Today, Hannah Arendt’s observations can be taken even further, as it is clear that the orders from Berlin were also softened in relation to the Jews in Denmark. It turns out that even leading Nazis in Berlin and Copenhagen needed the local understanding and support that would give the crime an aura of necessity and justice. Without this even the most hardened Nazis shrank back. Public participation was therefore not only a practical condition for the implementation of the project; its support was also a prerequisite for leading Nazis’ daring to set atrocities in motion. Even these experienced Nazis with blood on their hands ( e.g. Eichmann, Himmler, Ribbentrop) could not or would not go all the way alone. Even they depended on the understanding and support of the project, which was absolutely missing in Denmark. Without it they faltered, and extermination of the Jews came to appear as a goal; that had to be weighed against other, more practical considerations.
The leading Nazis’s complicity in making the flight of Denmark’s Jews to Sweden possible suggests they were led by practical considerations. In the Danish context, continued cooperation with the ‘model protectorate’ and maintaining the flow or agricultural and mineral supplies weighed more heavily than the desire to annihilate the Jews.

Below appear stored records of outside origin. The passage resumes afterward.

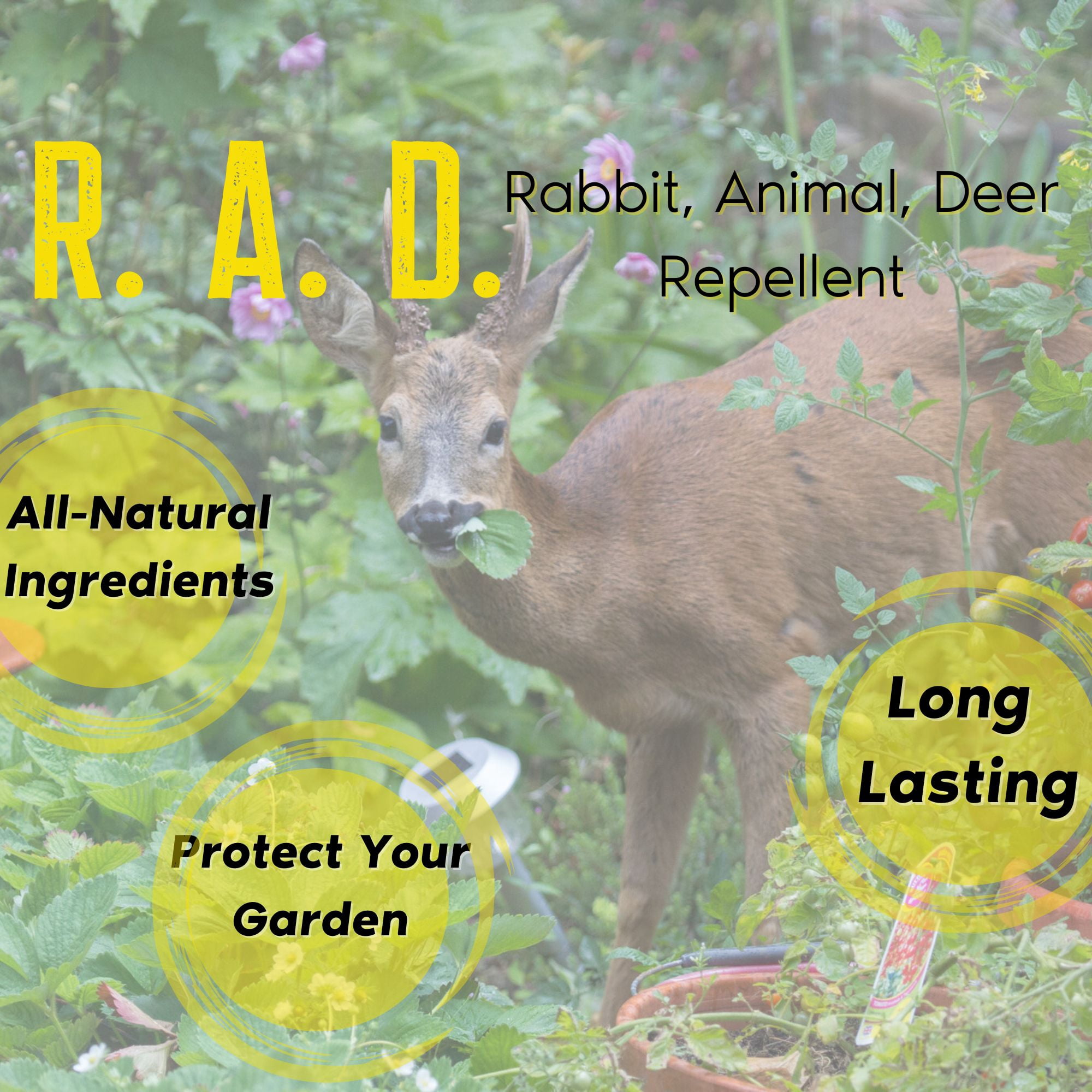 R.A.D. - Rabbit, Animal, Deer Repellent Concentrate/Gallon Bundle; All-Natural Money Saving Repellent; Protect Gardens, Flower Beds and Lawns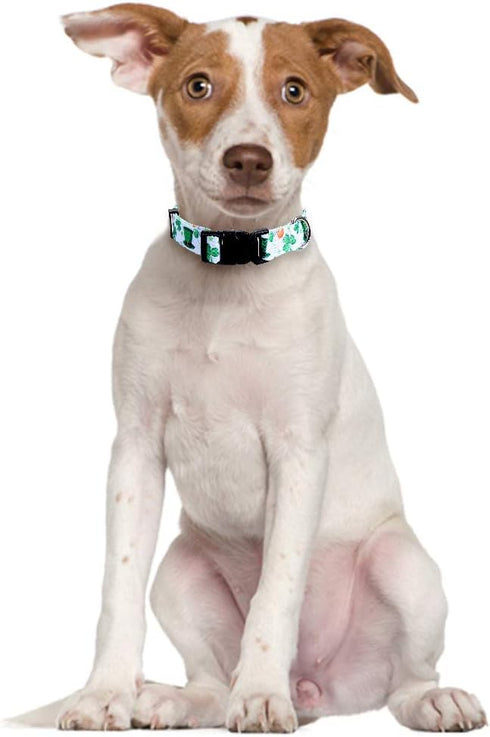 2 Pack Adjustable St. Patrick's Day Dog Collar with Four Leaf Clover for Large Dogs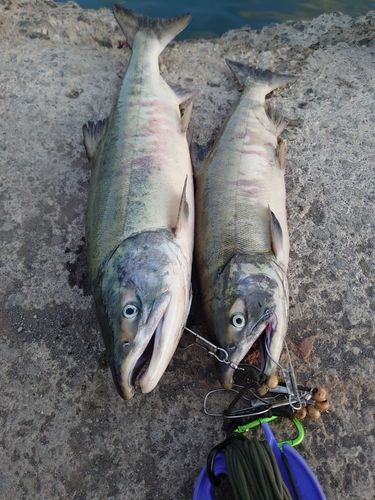シロザケの釣果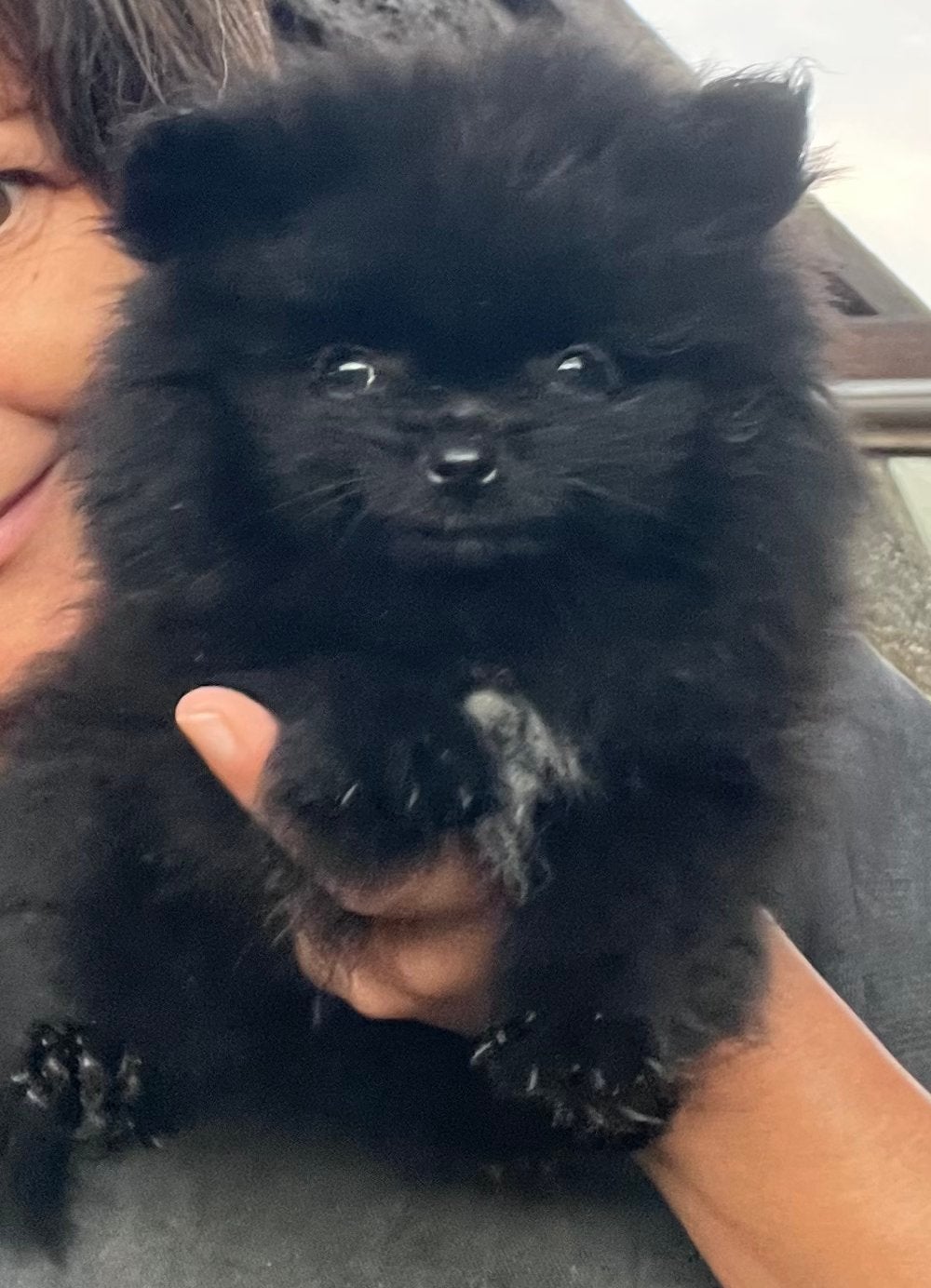 Mini pomeriaan pup, Dieren en Toebehoren, Keeshond, CDV (hondenziekte), 8 tot 15 weken, Teef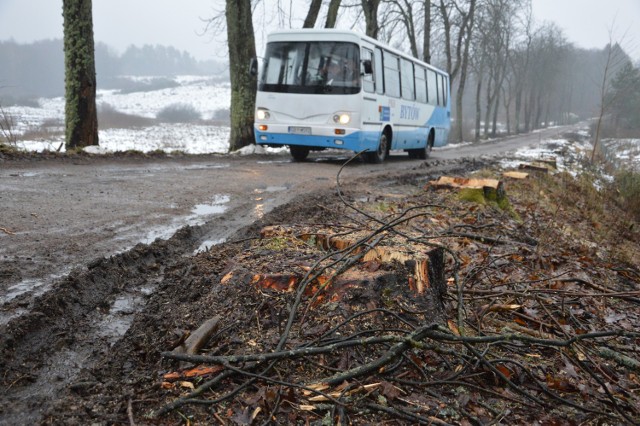 Pod koniec ubiegłego roku rozpoczęła się wycinka około 400 drzew przy drodze tzw. Role-Rozjazd. To dało mieszkańcom nadzieję, że jednak modernizacja tej trasy będzie realizowana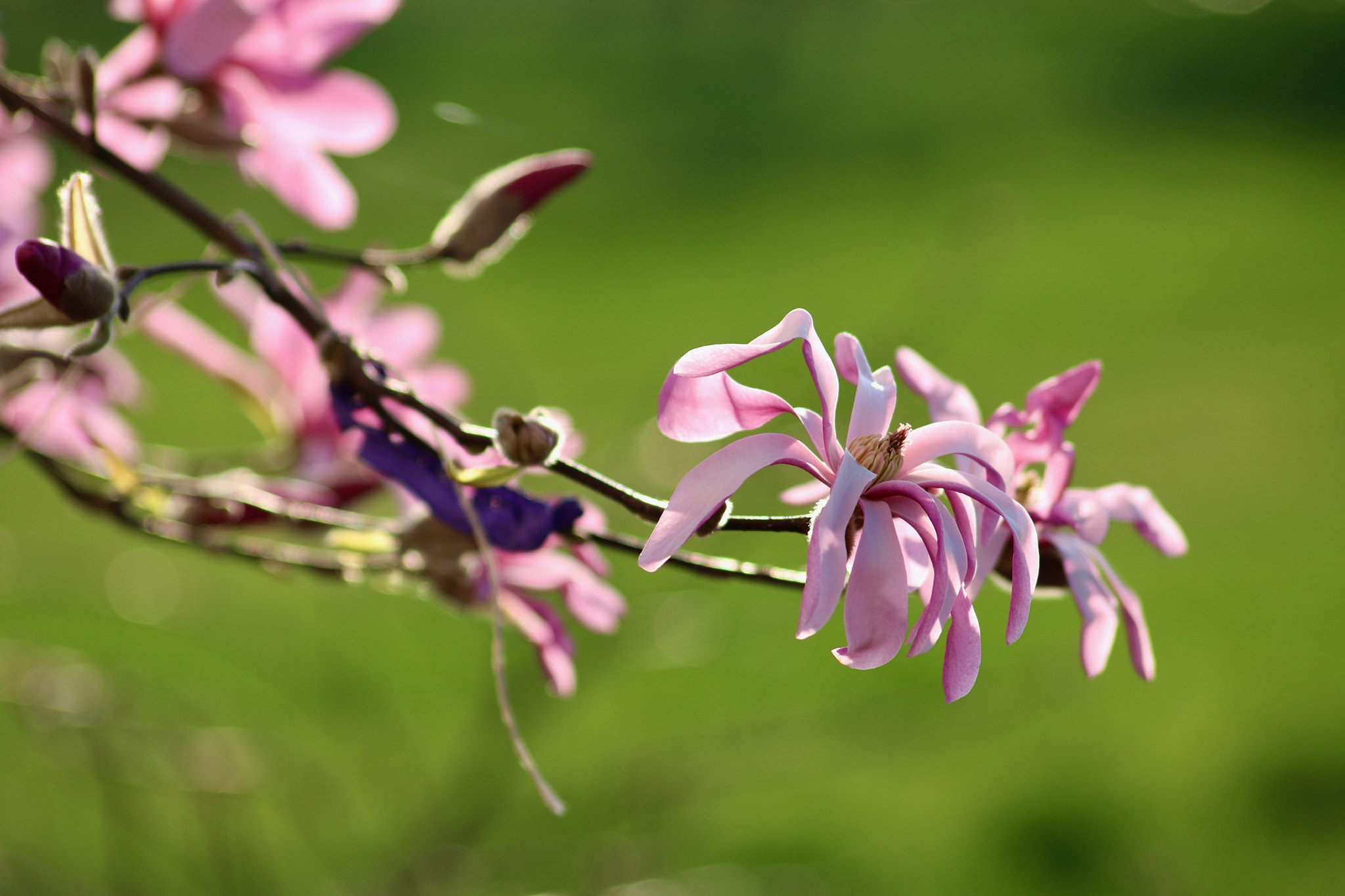 Sigma 70-300mm F4-5.6 APO DG Macro sample photo. Der frühling in seiner ganzen farbenpracht. photography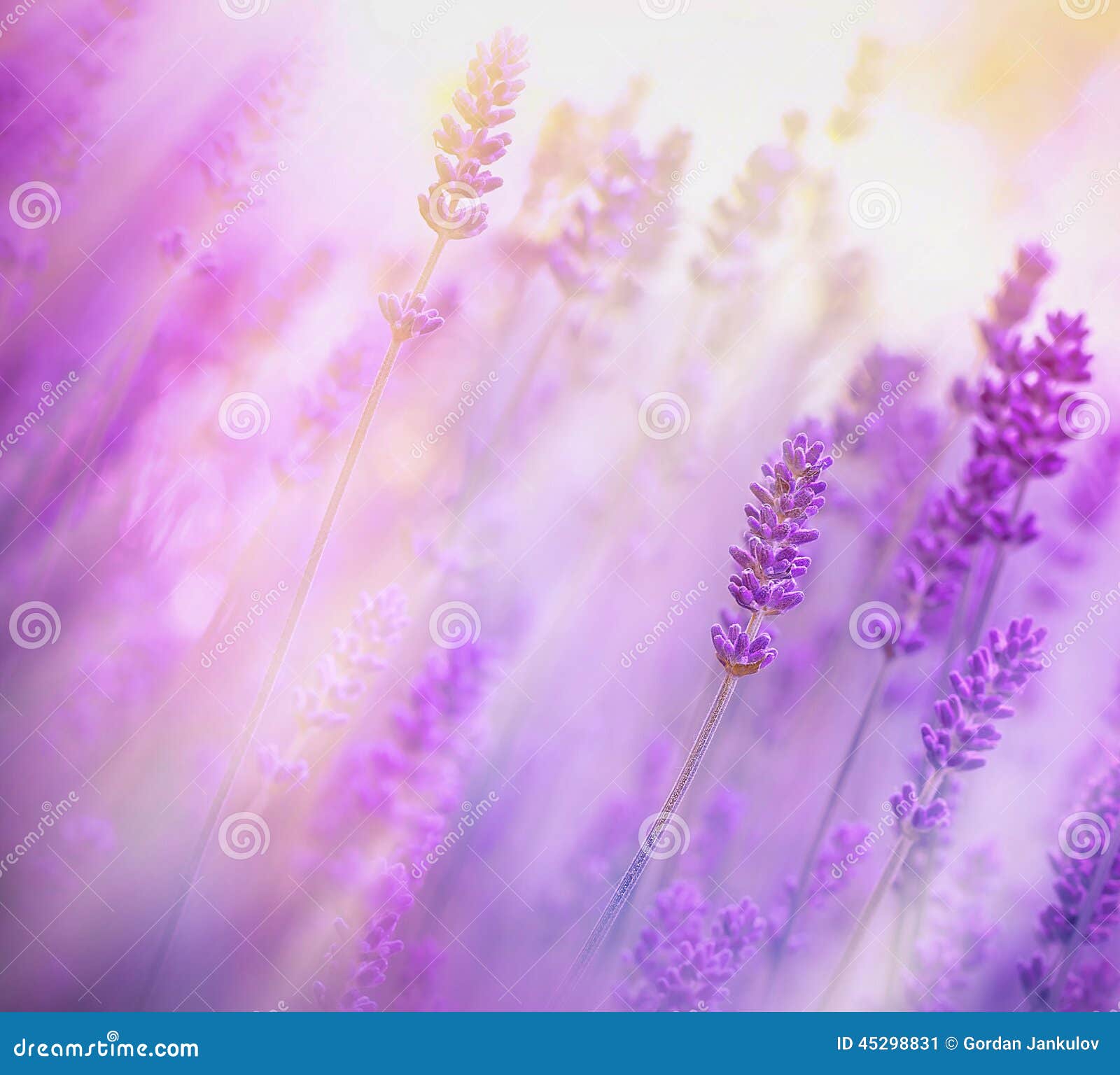 Фон лаванда для фотошопа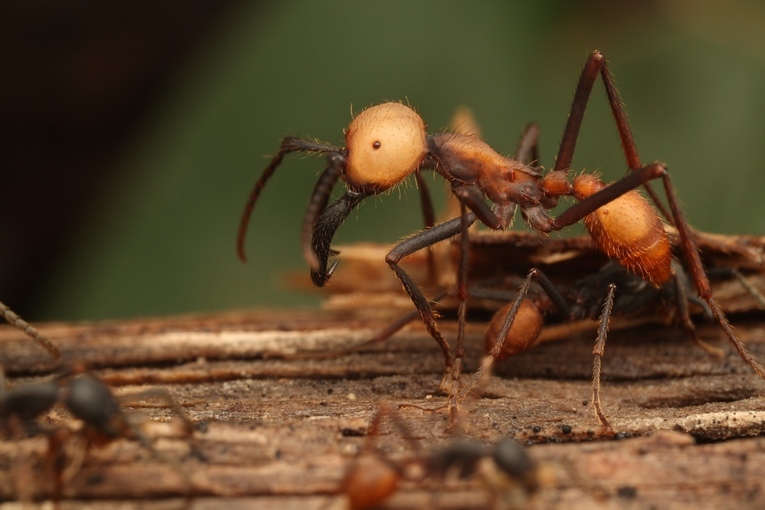 Esta es la hormiga Eciton Burchelli, u hormiga arriera. Actualmente la UCR estudia las …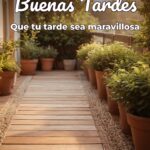 buenas tardes que tu tarde sea maravillosa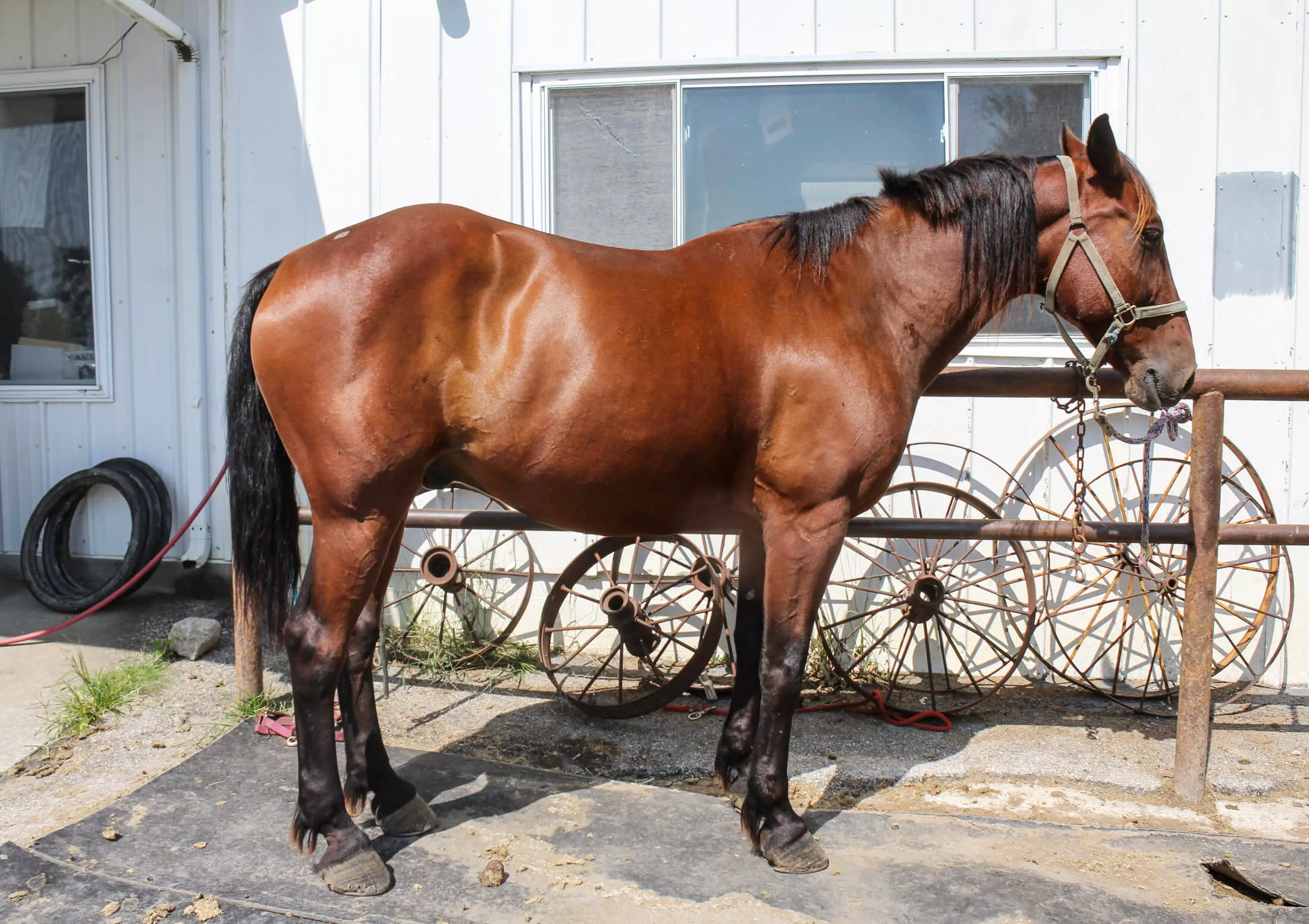 Jamesport Harness Supplies Just Plain Business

Senior Nazis involvement was not driven by personal necessity. Hatred of the different was not some primordial force that was unleashed. Rather, it was a political convenience that could be used as needed and in most occupied territories the Nazis followed their interest in pursuing this with disastrous consequences. But without a sounding board- chauvinism and the refusal to transform fears into certain knowledge- the strategy did not work. It could be countered by simple means – even by a country that was defenseless and occupied- by a persistent national rejection assumption that there was a “Jewish problem” and politicians who refuse to use suspicion of ‘the other’ as their political tool.
The escape of the Danish Jews happened because they acted on their own initiative when warned of the impending threat against them. The hesitation of the Nazi leadership in Berlin and their officials in Denmark was caused primarily by the expectation of the Danish reaction and its negative ramifications for both the ‘model protectorate’ and the continued shipment of Danish provisions to Germany. But what made this possible, before anything else, was the fact that Danish society as a whole had so quickly, so consistently, and with such determination turned against the very idea underpinning the persecution of their fellow countrymen, and mobilized with utmost unity of purpose to facilitate their rescue. Their attitude and capacity to overcome their fears was anchored in the preceding ten years of anti-totalitarian Danish politics. The miraculous escape of the Danish Jews cannot be fully understood outside that political context.